Everyone has this, I mean everyone.  I cured the whole thing.  Just go here - http://ericshitshispants.com my before and after tests are on there as well as my medical records.  Just look up top under Eric's Test Results


----------



## IronSoul (Aug 26, 2022)

There it is 
	

	
	
		
		

		
			






Sent from my iPhone using Tapatalk


----------



## erichamm1 (Aug 26, 2022)

BigBaldBeardGuy said:


> That’s it?
> 
> Can you tell us how to fix it? I wanna run a 40 in 4.38 seconds too.

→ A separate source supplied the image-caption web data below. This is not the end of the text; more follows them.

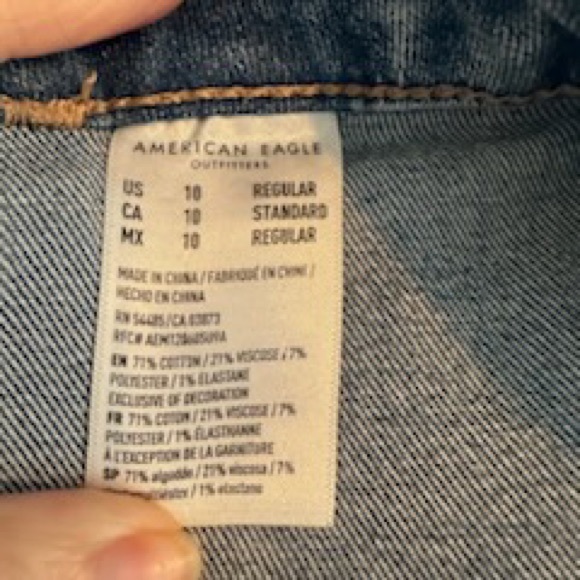 American Eagle- "Super High Rise Flare" Jeans- Size 10 - Picture 5 of 8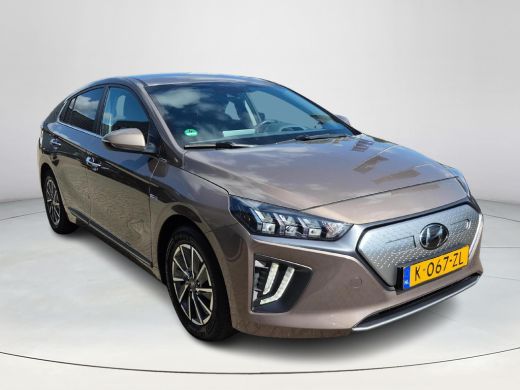 Hyundai IONIQ Comfort EV 38 kWh | Stoelverwarming | Navigatie | Apple Carplay -Android Auto | Rijklaarprijs! ActivLease financial lease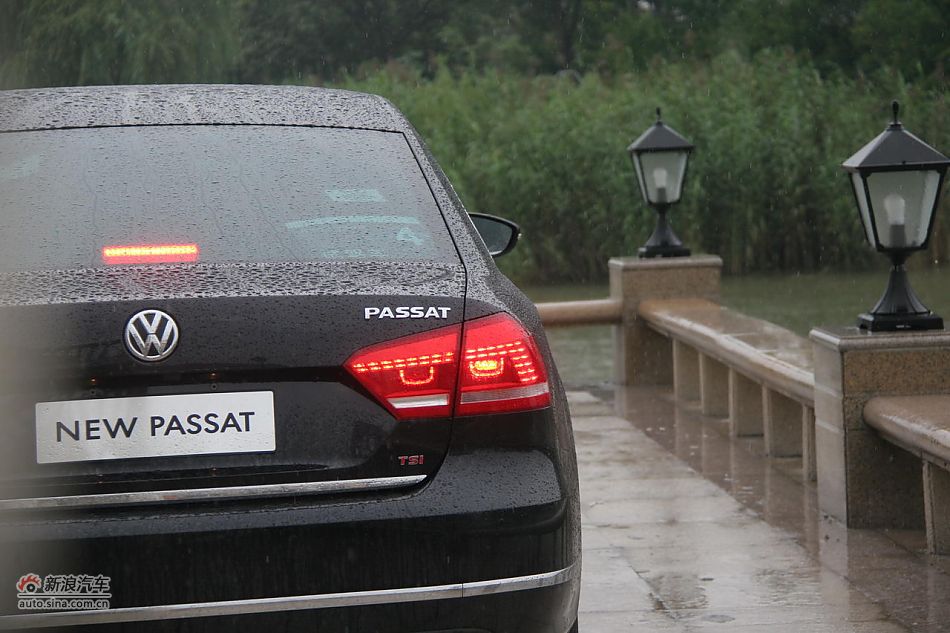 2011款新帕萨特2.0T御尊版外观细节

I just posted my before and after test results.  I'm 46 and I can run a 4.38


----------



## erichamm1 (Aug 26, 2022)

IronSoul said:


> There it is
> 
> 
> 
> ...


There is no product being sold


----------



## erichamm1 (Aug 26, 2022)

erichamm1 said:


> There is no product being sold


Just look at the before and after test results.  Pretty much every doctor and scientist says you  can't cure leaky gut but I cured it.  My test results are listed.  Everyone in America has this.  I gained 10 pounds in 1 day and 6 pounds in another day.  I reversed and cured the whole thing.  The 10 pound gain and the 6 pound gain are listed right in my medical records on the site


----------



## erichamm1 (Aug 26, 2022)

IronSoul said:


> How were you diagnosed? I thought you were gonna post a link to sell some shit and trolling. I’ll give you a chance, because I do have gut issues but my microbiology came back good. And if you’re serious, there are quite a few guys here that could benefit from good info on this.
> 
> 
> Sent from my iPhone using Tapatalk


What tests did you take?


----------



## IronSoul (Aug 26, 2022)

erichamm1 said:


> What tests did you take?



Blood labs and a stool sample test. Have a GI scan next week. 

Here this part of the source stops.